Stored dataset items:
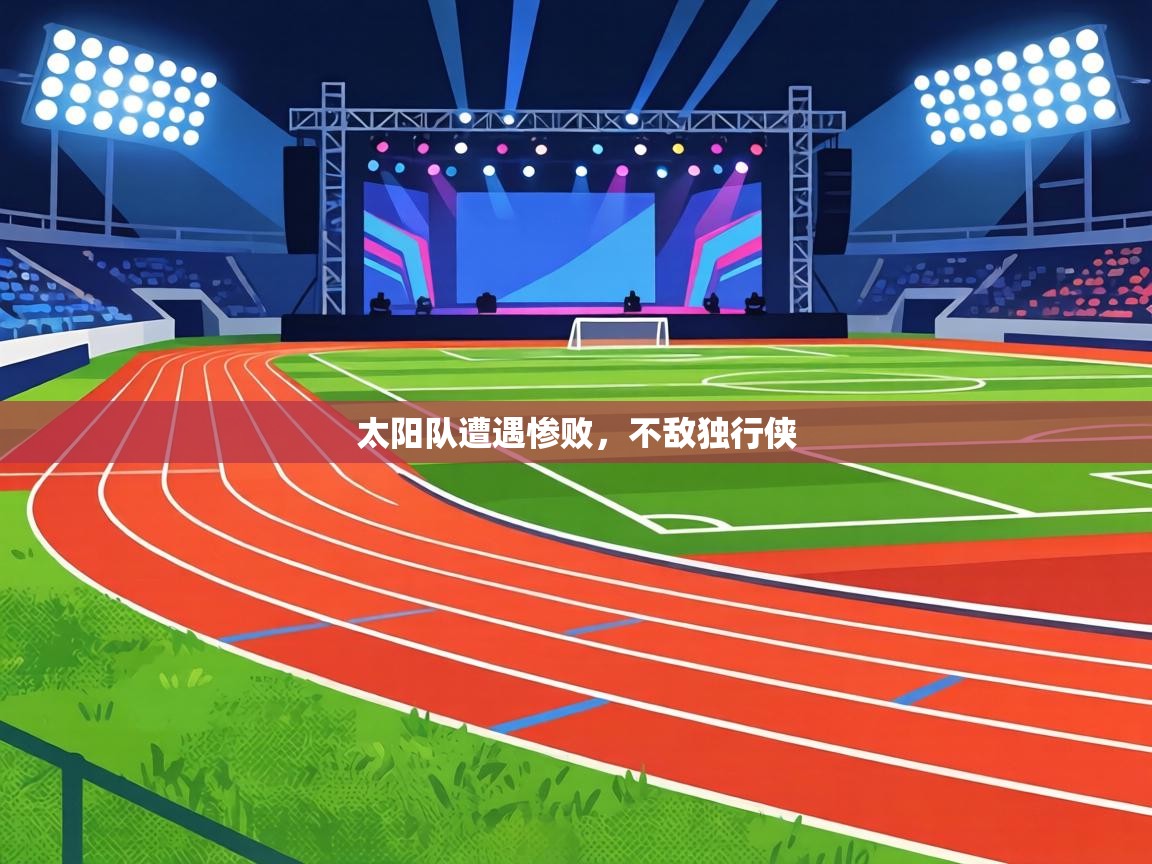 太阳队遭遇惨败，不敌独行侠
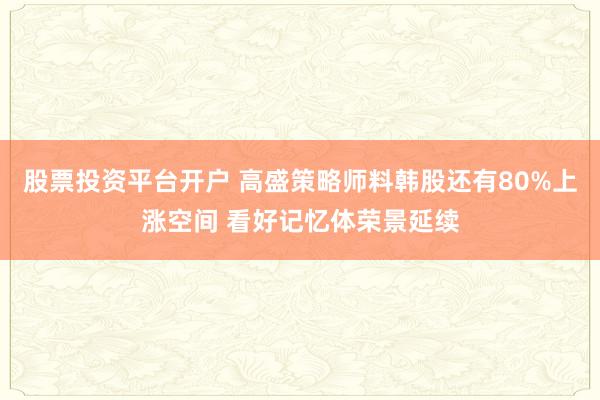 股票投资平台开户 高盛策略师料韩股还有80%上涨空间 看好记忆体荣景延续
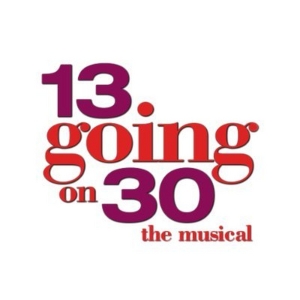 Video: Get a First Listen to 'I Wanna Be' From 13 GOING ON 30 - THE MUSICAL Video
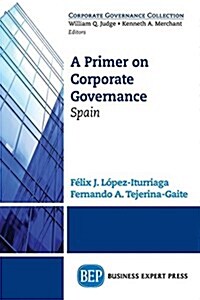 A Primer on Corporate Governance: Spain (Paperback)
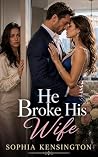 He Broke His Wife...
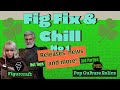 Fig Fix &amp; Chill No 1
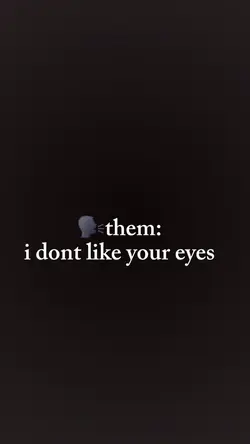 dont like my eyes?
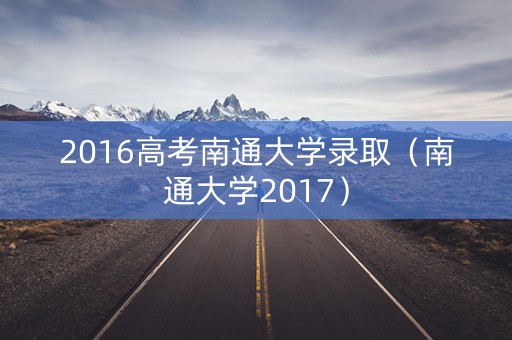 2016高考南通大学录取（南通大学2017）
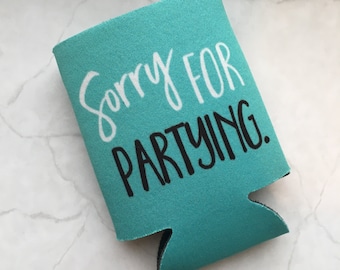 sorry for partying beverage holder // party or bachelorette favor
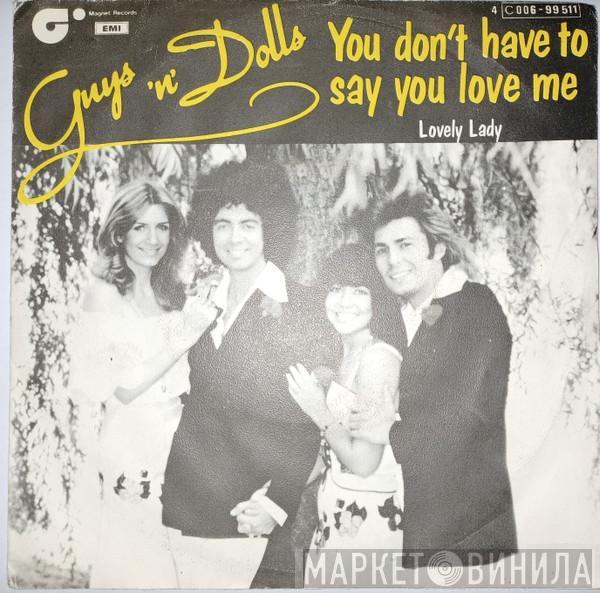  Guys 'n Dolls  - You Don't Have To Say You Love Me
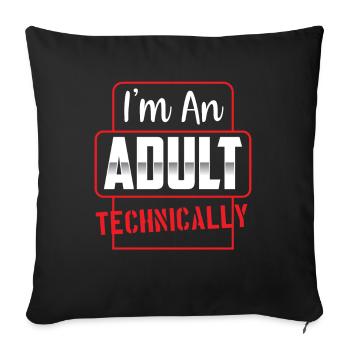 I am an adult Technically Adult - Sofa pillowcase 17,3'' x 17,3'' (45 x 45 cm) - black - Front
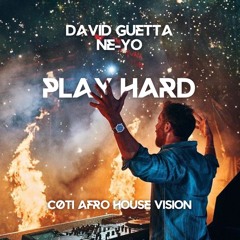 David Guetta - Play Hard (ft. Ne-Yo & Akon) [cøti Afro House Vision 002] FREE DOWNLOAD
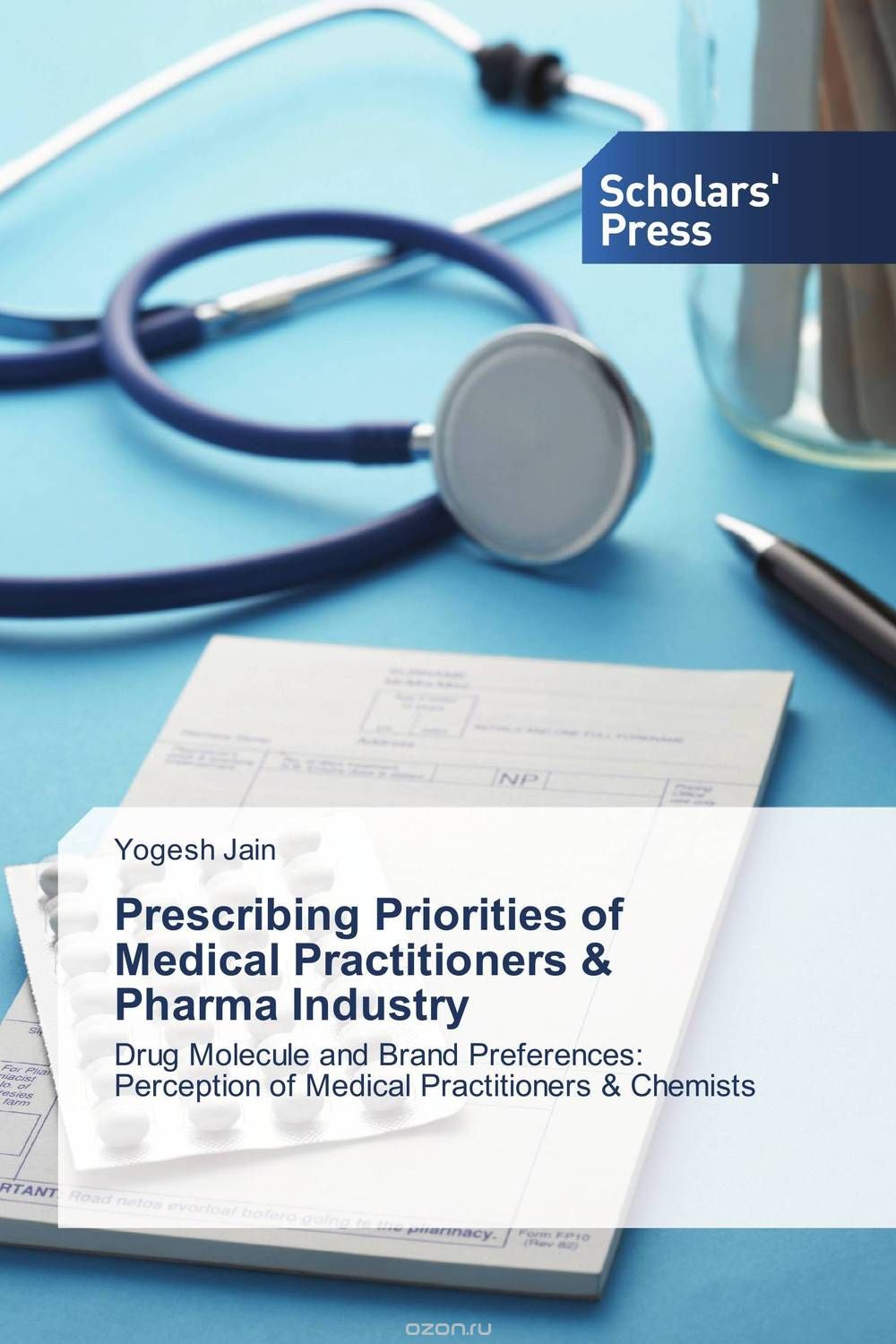 Скачать книгу "Prescribing Priorities of Medical Practitioners & Pharma Industry"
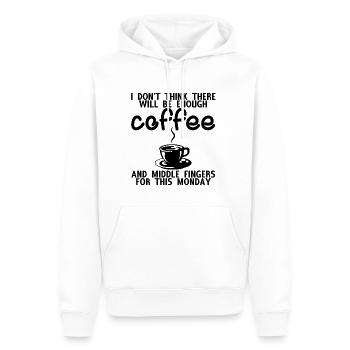 There Will Be Enough Coffee And Middle Fingers 4 - Männer Premium Bio Hoodie - Weiß - Vorne - Nico (187cm)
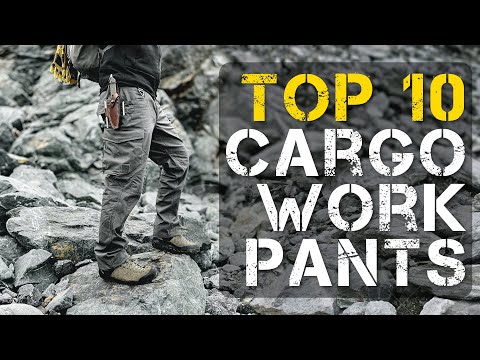 Top 10 Best Cargo Pants for Work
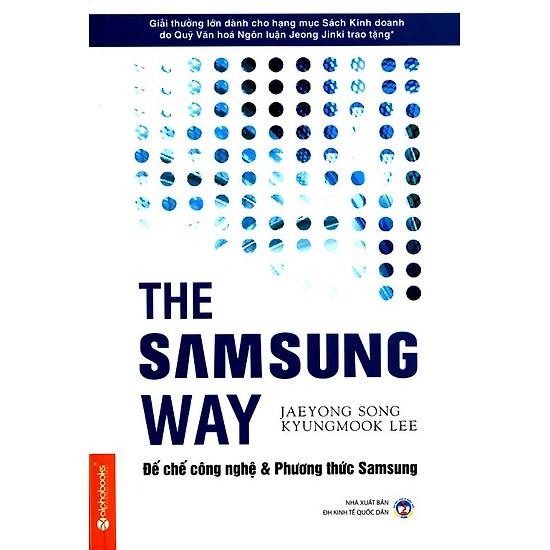Samsung Way: Đế chế công nghệ và phương thức Samsung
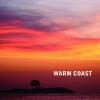Warm Coast
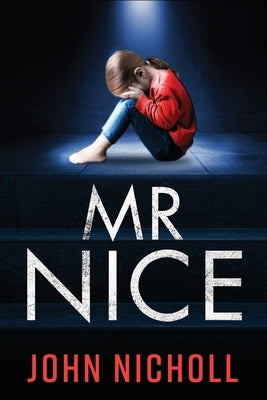Mr Nice by Nicholls, John
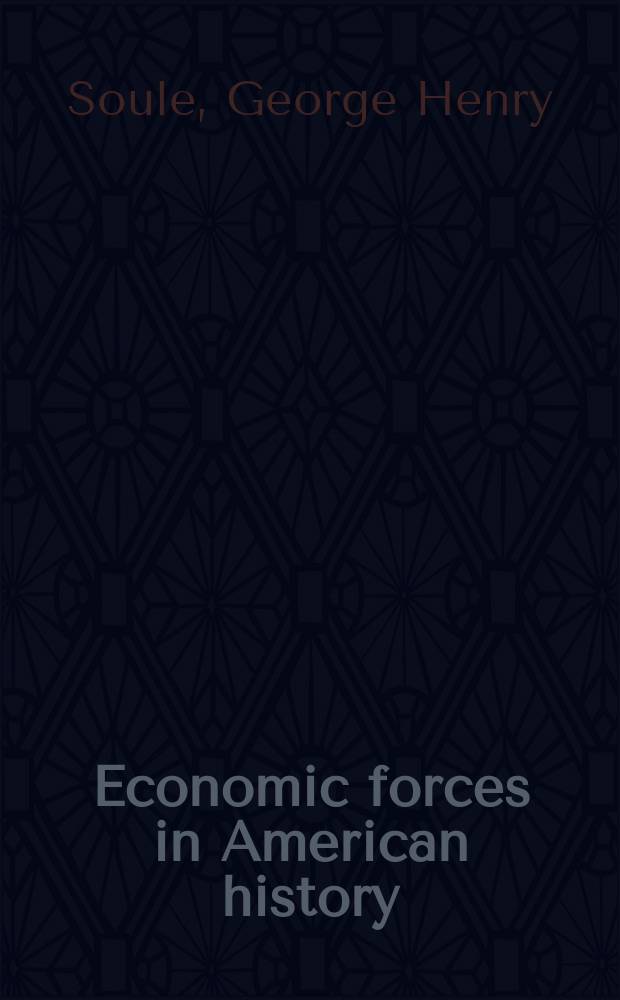 Economic forces in American history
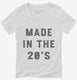 Made In The 20s 2020s Birthday white Womens V-Neck Tee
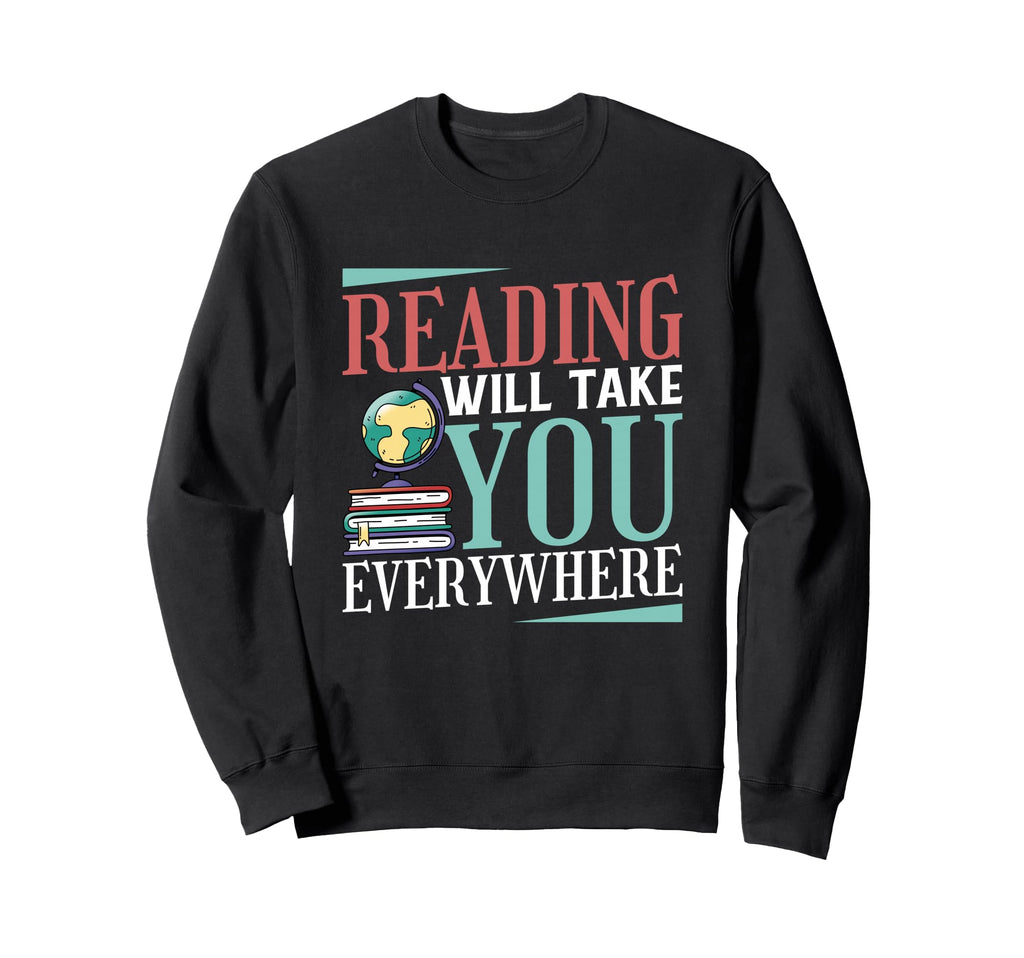 Reading Will Take You Everywhere Sweatshirt - Streetwear Style for Adults - T-Shirt, Sweatshirt, Hoodie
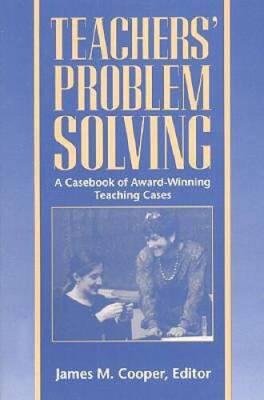 Teachers Problem Solving: A Casebook of Award-Winning Teaching Cases - GOOD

> **Required work**:
From the opening line of the entries above to the line containing "dont like my eyes?", please transcribe each line exactly, skipping every picture.

> **Written response**:
 太阳队遭遇惨败，不敌独行侠
 股票投资平台开户 高盛策略师料韩股还有80%上涨空间 看好记忆体荣景延续
 Video: Get a First Listen to 'I Wanna Be' From 13 GOING ON 30 - THE MUSICAL Video
 A Primer on Corporate Governance: Spain (Paperback)
 He Broke His Wife...
 Fig Fix &amp; Chill No 1
 dont like my eyes?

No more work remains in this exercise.